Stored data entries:
- - - - -

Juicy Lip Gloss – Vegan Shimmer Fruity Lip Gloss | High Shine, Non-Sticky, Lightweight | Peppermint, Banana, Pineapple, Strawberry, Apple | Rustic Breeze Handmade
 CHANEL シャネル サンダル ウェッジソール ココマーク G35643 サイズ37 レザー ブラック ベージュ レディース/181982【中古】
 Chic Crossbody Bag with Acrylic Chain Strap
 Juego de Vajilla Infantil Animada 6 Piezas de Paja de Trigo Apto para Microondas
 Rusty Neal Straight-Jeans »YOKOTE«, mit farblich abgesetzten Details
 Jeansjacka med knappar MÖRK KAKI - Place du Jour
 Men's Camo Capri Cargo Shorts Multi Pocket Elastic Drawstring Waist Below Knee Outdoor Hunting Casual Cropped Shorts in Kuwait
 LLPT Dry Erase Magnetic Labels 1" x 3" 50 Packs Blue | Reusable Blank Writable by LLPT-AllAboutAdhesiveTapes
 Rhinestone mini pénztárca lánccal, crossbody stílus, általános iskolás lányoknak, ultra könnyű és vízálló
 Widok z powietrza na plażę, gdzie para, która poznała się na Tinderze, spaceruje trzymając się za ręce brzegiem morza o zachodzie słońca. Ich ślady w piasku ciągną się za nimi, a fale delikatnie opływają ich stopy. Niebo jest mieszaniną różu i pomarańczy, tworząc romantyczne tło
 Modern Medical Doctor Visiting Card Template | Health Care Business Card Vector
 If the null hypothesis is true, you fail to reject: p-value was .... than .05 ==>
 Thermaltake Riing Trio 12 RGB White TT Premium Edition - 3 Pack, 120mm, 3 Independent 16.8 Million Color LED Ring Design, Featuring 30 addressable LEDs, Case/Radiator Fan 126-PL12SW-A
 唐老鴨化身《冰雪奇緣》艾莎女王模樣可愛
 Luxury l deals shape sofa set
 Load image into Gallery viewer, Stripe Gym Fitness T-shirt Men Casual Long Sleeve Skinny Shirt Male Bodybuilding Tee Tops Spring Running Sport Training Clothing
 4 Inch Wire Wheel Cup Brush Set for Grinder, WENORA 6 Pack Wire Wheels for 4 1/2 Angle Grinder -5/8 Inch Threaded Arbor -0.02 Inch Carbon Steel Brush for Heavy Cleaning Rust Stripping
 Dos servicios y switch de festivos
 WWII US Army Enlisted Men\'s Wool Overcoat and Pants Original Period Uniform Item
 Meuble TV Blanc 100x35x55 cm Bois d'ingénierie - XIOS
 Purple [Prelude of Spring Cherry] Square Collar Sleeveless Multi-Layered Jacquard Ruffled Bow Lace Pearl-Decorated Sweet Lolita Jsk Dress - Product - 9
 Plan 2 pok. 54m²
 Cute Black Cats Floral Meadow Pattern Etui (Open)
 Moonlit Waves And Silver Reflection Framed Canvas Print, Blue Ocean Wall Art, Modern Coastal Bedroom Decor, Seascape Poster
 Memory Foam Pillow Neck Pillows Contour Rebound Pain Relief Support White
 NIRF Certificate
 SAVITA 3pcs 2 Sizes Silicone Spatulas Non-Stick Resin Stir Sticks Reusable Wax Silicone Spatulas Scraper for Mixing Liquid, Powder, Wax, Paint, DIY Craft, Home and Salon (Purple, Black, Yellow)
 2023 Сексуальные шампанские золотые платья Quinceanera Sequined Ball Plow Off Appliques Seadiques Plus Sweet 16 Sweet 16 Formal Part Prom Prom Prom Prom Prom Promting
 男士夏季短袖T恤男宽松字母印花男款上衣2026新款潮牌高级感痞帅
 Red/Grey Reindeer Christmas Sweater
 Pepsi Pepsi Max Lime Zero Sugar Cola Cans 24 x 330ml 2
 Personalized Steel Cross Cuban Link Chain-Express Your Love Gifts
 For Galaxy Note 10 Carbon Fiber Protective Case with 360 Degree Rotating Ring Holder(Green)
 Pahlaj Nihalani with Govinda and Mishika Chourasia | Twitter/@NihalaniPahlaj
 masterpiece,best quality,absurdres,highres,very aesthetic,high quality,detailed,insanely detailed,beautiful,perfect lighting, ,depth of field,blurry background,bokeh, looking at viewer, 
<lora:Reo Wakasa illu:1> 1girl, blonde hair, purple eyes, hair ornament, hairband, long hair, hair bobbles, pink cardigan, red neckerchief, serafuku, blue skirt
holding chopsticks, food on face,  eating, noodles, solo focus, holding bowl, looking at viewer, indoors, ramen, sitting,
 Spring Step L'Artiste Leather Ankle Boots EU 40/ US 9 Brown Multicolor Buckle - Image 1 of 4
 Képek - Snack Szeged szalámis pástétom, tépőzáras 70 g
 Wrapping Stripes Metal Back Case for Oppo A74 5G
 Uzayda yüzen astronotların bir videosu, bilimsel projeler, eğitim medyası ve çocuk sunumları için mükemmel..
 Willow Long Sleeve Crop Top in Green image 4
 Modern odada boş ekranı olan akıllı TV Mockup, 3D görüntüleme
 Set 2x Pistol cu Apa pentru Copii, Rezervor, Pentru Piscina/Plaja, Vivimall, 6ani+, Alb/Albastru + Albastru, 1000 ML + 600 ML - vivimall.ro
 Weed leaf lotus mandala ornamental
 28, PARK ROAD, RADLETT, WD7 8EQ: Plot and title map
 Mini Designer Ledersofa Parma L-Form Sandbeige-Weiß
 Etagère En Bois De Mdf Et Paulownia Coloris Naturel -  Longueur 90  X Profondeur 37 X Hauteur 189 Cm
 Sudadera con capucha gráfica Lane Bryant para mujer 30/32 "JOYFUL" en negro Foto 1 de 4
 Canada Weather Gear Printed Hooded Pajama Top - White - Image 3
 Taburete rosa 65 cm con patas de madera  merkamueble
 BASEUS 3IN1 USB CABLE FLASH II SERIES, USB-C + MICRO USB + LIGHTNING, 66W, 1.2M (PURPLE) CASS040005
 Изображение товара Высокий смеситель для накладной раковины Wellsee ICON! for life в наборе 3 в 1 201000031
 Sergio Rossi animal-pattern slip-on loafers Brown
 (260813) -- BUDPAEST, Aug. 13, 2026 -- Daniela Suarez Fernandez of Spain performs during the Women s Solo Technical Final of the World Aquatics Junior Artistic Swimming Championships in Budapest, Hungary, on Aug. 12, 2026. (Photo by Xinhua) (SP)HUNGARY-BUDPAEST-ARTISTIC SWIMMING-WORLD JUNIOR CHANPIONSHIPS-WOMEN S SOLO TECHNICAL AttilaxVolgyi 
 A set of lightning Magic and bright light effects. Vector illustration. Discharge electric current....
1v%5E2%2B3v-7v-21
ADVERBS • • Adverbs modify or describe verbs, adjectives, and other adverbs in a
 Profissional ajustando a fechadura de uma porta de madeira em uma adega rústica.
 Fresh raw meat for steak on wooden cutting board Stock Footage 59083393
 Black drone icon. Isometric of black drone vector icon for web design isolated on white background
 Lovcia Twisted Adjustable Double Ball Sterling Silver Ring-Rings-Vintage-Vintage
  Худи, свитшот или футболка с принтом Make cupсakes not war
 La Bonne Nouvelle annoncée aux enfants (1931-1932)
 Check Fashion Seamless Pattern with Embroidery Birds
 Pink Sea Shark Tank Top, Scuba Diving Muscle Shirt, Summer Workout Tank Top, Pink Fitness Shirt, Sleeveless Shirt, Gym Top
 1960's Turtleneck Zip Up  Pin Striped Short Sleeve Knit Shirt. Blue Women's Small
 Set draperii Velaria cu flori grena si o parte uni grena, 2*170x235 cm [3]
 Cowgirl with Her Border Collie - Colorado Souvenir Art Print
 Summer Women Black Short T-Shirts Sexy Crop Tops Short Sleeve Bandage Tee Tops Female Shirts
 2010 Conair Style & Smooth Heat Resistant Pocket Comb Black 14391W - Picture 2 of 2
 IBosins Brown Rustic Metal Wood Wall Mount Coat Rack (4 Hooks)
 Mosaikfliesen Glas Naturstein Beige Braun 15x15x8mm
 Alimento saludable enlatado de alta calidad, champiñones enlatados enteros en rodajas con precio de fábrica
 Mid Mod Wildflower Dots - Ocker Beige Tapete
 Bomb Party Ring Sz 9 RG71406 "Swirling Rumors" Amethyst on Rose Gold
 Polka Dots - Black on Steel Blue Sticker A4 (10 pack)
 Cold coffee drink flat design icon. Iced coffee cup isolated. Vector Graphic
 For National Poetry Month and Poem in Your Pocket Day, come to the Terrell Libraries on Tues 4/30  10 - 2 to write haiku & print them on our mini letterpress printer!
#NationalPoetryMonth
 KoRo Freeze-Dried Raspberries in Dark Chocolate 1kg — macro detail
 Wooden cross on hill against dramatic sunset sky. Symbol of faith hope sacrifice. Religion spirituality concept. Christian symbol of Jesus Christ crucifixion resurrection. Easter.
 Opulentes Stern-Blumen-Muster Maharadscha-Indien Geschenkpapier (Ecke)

- - - - -

Above are the records; please copy exactly their first line and each line after it through the line containing "Modern Medical Doctor", and no line after that.

--- Exercise output ---
Juicy Lip Gloss – Vegan Shimmer Fruity Lip Gloss | High Shine, Non-Sticky, Lightweight | Peppermint, Banana, Pineapple, Strawberry, Apple | Rustic Breeze Handmade
 CHANEL シャネル サンダル ウェッジソール ココマーク G35643 サイズ37 レザー ブラック ベージュ レディース/181982【中古】
 Chic Crossbody Bag with Acrylic Chain Strap
 Juego de Vajilla Infantil Animada 6 Piezas de Paja de Trigo Apto para Microondas
 Rusty Neal Straight-Jeans »YOKOTE«, mit farblich abgesetzten Details
 Jeansjacka med knappar MÖRK KAKI - Place du Jour
 Men's Camo Capri Cargo Shorts Multi Pocket Elastic Drawstring Waist Below Knee Outdoor Hunting Casual Cropped Shorts in Kuwait
 LLPT Dry Erase Magnetic Labels 1" x 3" 50 Packs Blue | Reusable Blank Writable by LLPT-AllAboutAdhesiveTapes
 Rhinestone mini pénztárca lánccal, crossbody stílus, általános iskolás lányoknak, ultra könnyű és vízálló
 Widok z powietrza na plażę, gdzie para, która poznała się na Tinderze, spaceruje trzymając się za ręce brzegiem morza o zachodzie słońca. Ich ślady w piasku ciągną się za nimi, a fale delikatnie opływają ich stopy. Niebo jest mieszaniną różu i pomarańczy, tworząc romantyczne tło
 Modern Medical Doctor Visiting Card Template | Health Care Business Card Vector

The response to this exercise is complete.